▸ **Problem statement**
Line by line, copy the material below exactly as given.

▸ **Task inputs**
════════════════

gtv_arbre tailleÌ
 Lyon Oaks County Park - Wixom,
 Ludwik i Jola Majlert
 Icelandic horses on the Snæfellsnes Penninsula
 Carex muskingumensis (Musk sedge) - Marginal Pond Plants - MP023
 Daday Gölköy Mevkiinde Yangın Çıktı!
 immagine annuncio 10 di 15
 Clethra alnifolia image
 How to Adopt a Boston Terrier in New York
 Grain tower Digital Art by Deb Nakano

════════════════

▸ **Answer**
gtv_arbre tailleÌ
 Lyon Oaks County Park - Wixom,
 Ludwik i Jola Majlert
 Icelandic horses on the Snæfellsnes Penninsula
 Carex muskingumensis (Musk sedge) - Marginal Pond Plants - MP023
 Daday Gölköy Mevkiinde Yangın Çıktı!
 immagine annuncio 10 di 15
 Clethra alnifolia image
 How to Adopt a Boston Terrier in New York
 Grain tower Digital Art by Deb Nakano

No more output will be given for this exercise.